Tag Archives: Honduras

Leaving Honduras the Hard Way

San Pedro Sula      We had weathered another difficult annual general meeting of Honduras ACORN midway between Tegucigalpa and San Pedro Sula.  It was a difficult three-hour session as the leadership tried to navigate the legal requirements and the election of officers.

The biggest issue was the classic one:  power sharing to allow the organization to grow.  Even if one organization on the local level is larger than others, how do they have the vision to allow the voting strength to be equal in order to give everyone a voice in the organization and a way to incorporate expansion.

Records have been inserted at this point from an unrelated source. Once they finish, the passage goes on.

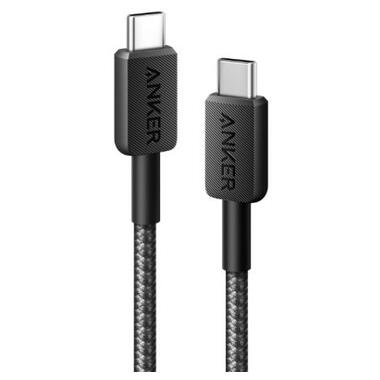 Дата кабель USB-C to USB-C 1.8m 322 White Anker (A81F6H21) фото №1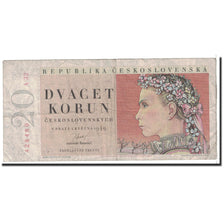 Billet, Tchécoslovaquie, 20 Korun, 1949, 1949-05-01, KM:70a, TB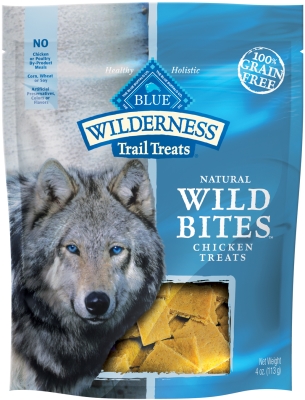 Picture of Blue Buffalo BB00649 Wilderness Wild Bites Chicken Natural Dog Treat- 0.3 lbs.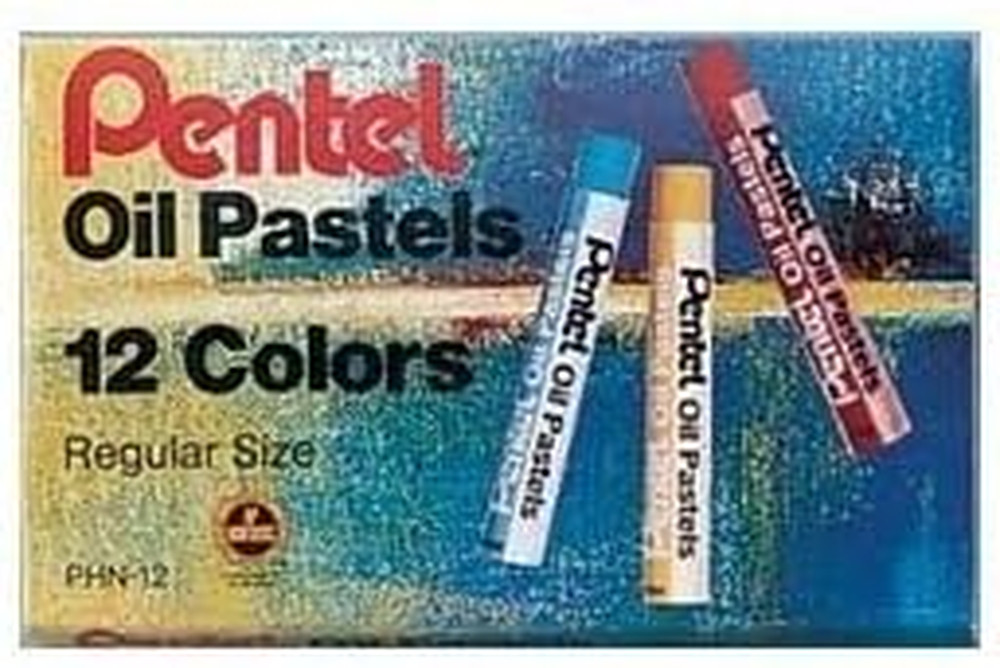 Arts Oil Pastels, 12 Color Set (PHN-12)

This was an issue at the early days of ACORN’s growth in the US, where ACORN’s first president Steve McDonald played the critical role.  Arkansas with 5000 members dwarfed the fledgling organizations in South Dakota, Texas and elsewhere.  Had they insisted on representation based on membership, they would have blocked off the prospects of national organization as these organizations and other affiliates grew stronger.  Under his leadership we weathered the storm in Arkansas as the national organization grew and the headquarters shifted to New Orleans.  Harold Medlock from Hanger Hill and the leaders of the John Barrow group towards the west, finally realizing that all the shots could not be controlled by Arkansas leaders attempted a rearguard coup of sorts that was resisted by the majority though we lost some good long-time leaders in the process.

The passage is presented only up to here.